Tentei trazer, nessa breve ilustração, o que a física, educadora e filósofa Elika Takimoto desenvolve com maestria na obra Como dialogar com um negacionista. Com exemplos históricos e fatos contemporâneos, demonstra-nos que a forma de pensar de quem nega a ciência, notadamente nos exemplos relacionados ao “terraplanismo” e às teorias da conspiração ligadas às vacinas, também está presente na forma de pensar de cientistas, amigos da ciência, curiosos e “letrados” em geral. Elika alerta que, para defendermos a ciência, é também necessário reconhecer suas limitações, seus erros e acertos, como construção humana — todas as ciências são humanas. Tudo isso sem, no entanto, deixar de elucidar e distinguir quem age de forma criminosa disseminando informações falsas — induzindo pessoas ao erro, colocando vidas em risco, ou semeando desconfianças sobre pesquisas idôneas.

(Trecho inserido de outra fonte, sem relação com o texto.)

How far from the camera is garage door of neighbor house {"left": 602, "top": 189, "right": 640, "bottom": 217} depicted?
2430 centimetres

Tecendo as necessárias distinções entre ceticismo e negacionismo — “precisamos saber diferenciar o não conhecimento que mobiliza a ciência e a ignorância fabricada que a imobiliza” (p.86) — e reconhecendo nossa própria natureza, “o ser humano não busca a verdade, busca o conforto” (p.106), a obra provoca, mobiliza, faz pensar. E chama para um diálogo — não uma imposição de ideias, não uma ridicularização. Um diálogo interno com o negacionista que há em cada ser humano — para, a partir daí, construir um diálogo com outro ser humano. Diálogo pressupõe também escuta…

Ainda a destacar, a diversidade das referências apresentadas no livro. A essa qualidade devo minhas primeiras leituras de um escritor indígena brasileiro1, e a mais um reconhecimento estarrecedor do tamanho de minha própria ignorância: nosso país tem mais de 250 etnias, que falam mais de 150 línguas e dialetos. Não querem ser iguais. Não querem ser homogêneos. Não concebem o ser humano como algo distinto da natureza — um rio nunca será um simples “recurso hídrico”. Quanta sabedoria “não científica” estamos perdendo?

  1. KRENAK(1), Aílton. Ideias para adiar o fim do mundo. 2. ed., Companhia das Letras. São Paulo: 2020. 102 páginas.
    KRENAK, Aílton. A vida não é útil. Companhia das Letras. São Paulo: 2020. 126 páginas.
    TAKIMOTO, Elika. Como dialogar com um negacionista. Livraria da Física, 2021.‎ 152 páginas.